Het kabinet is de Afdeling erkentelijk voor de voortvarendheid waarmee het advies over het bovenvermelde voorstel is uitgebracht.

Naar aanleiding van het advies, dat hieronder cursief is opgenomen, merk ik het volgende op.

1. Het pakket Belastingplan en verzamelwetten

Het pakket Belastingplan 2022 bestaat uit zes wetsvoorstellen, waaronder drie verzamelwetten, met daarin zeer uiteenlopende maatregelen. Verschillende voorgestelde maatregelen horen volgens de Afdeling niet thuis in het pakket Belastingplan. In verband daarmee merkt de Afdeling op dat de omvang en de samenstelling van het pakket Belastingplan 2022 nader dienen te worden overwogen.

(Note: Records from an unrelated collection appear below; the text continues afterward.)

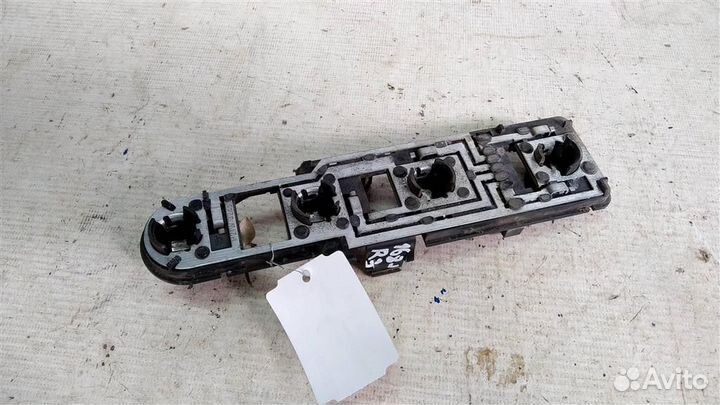 Плата заднего фонаря правого mersedesbenz W168 97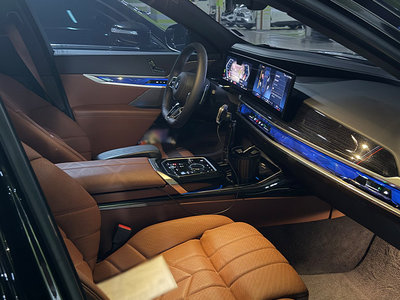 2025 BMW 7 SERIES thumbnail 14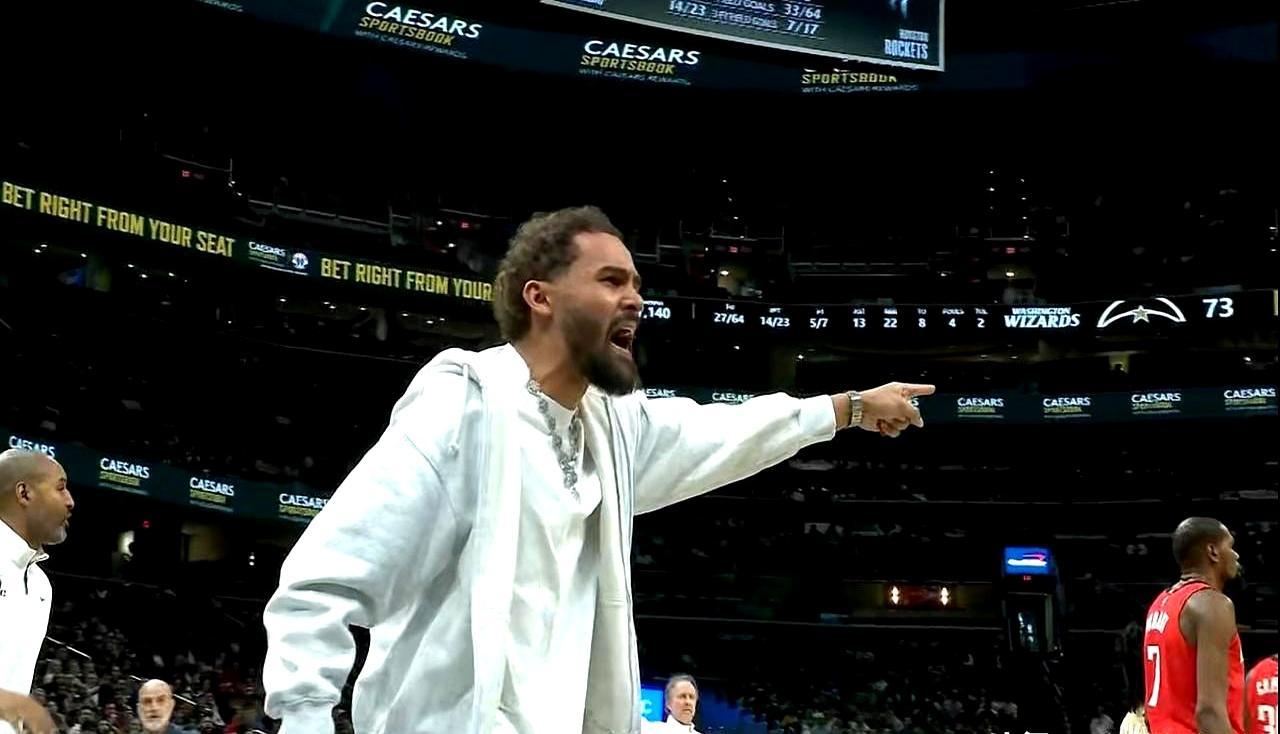 征服主场球迷，特雷杨连一秒钟比赛都没打。
 
奇才对阵火箭第三节，伊森连续两次用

a. Het pakket Belastingplan

Het pakket Belastingplan kent – met het oog op de relevantie voor de begroting – een vooraf vastgesteld strak tijdsstramien, waardoor in zeer korte tijd een volledig wetstraject wordt doorlopen. Dit is begrijpelijk waar het gaat om maatregelen die een directe samenhang hebben met de augustusbesluitvorming over de begrotingen. Indien daarin echter andere maatregelen, zonder die directe samenhang, worden «meegenomen» komt dit strak geplande proces onder druk te staan. Hoe omvangrijker het pakket, hoe groter het risico op afbreuk aan afgewogen beoordeling en de kwaliteit en zorgvuldige parlementaire behandeling van de daarin opgenomen maatregelen.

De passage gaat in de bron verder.